Solved – Object Localisation without Classification

image processingmachine learning

I have a data set of photos containing an object in each of them. I want to find out the coordinates of rectangle enclosing the object.

Note that each photo contains exactly 1 object (for example, if there is a pair of shoes in the photo it is to be treated as one object), and the photos are taken in a simple white background. But the images do not contain one class of objects, the object can be anything.

I have a training set, consisting of photos, and the coordinates of the rectangle enclosing the object for these photos. And I want to find the coordinates of the enclosing rectangle, given a new photo (exactly 1 object, photos taken in simple white background).

I searched a lot for a method to do so, and found resources for achieving localization with classification, but neither do I want to classify the objects nor do I have class labels in my training set.
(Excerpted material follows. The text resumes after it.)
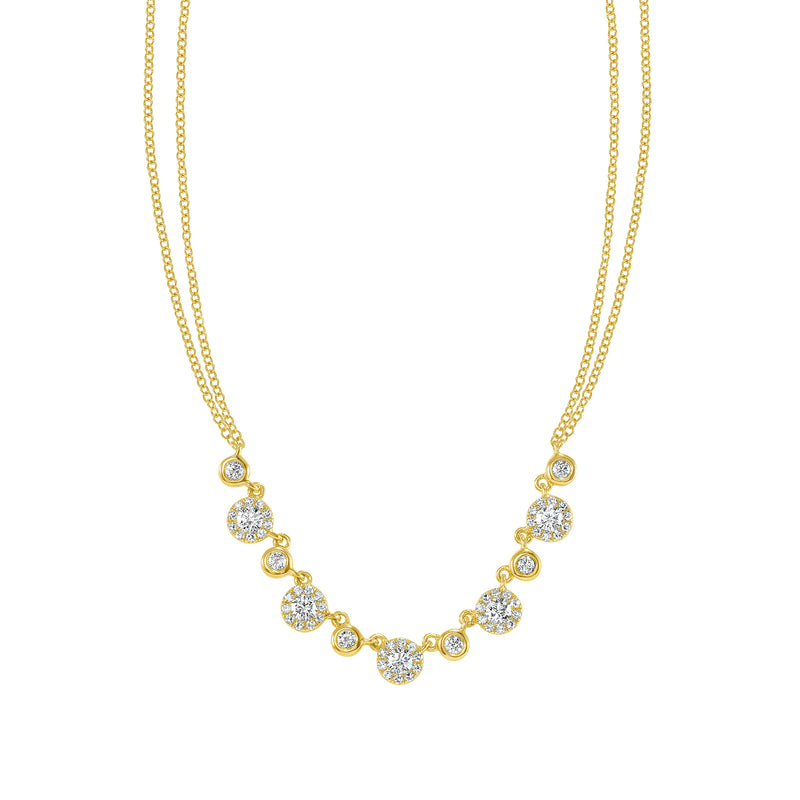 14k Gold Scorpio Diamond of Diamonds Necklace House David\'s –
I also thought edge detection and object segmentation methods could be useful.

However, I feel that my task is much simpler since I know that I have to localize only 1 object in an image and the background is also simple, so there must be some simple methods I am overlooking.

Any guidance is much appreciated, and I am relatively new to machine learning so I would be grateful for guidance to implement the appropriate technique.

Best Answer

If photos are taken in a simple white background, and the object appearance are pretty distinguishable from the background. You do not really have to do as heavy as deep learning based method.

The task might fall into multiple aspects in computer vision, for example, foreground/background segmentation using Markov Random Field / Conditional Random Field / GraphCut.

If insisting using deep learning method, a look into the saliency detection topic might be helpful. This is a widely studied area with both traditional and deep learning methodology.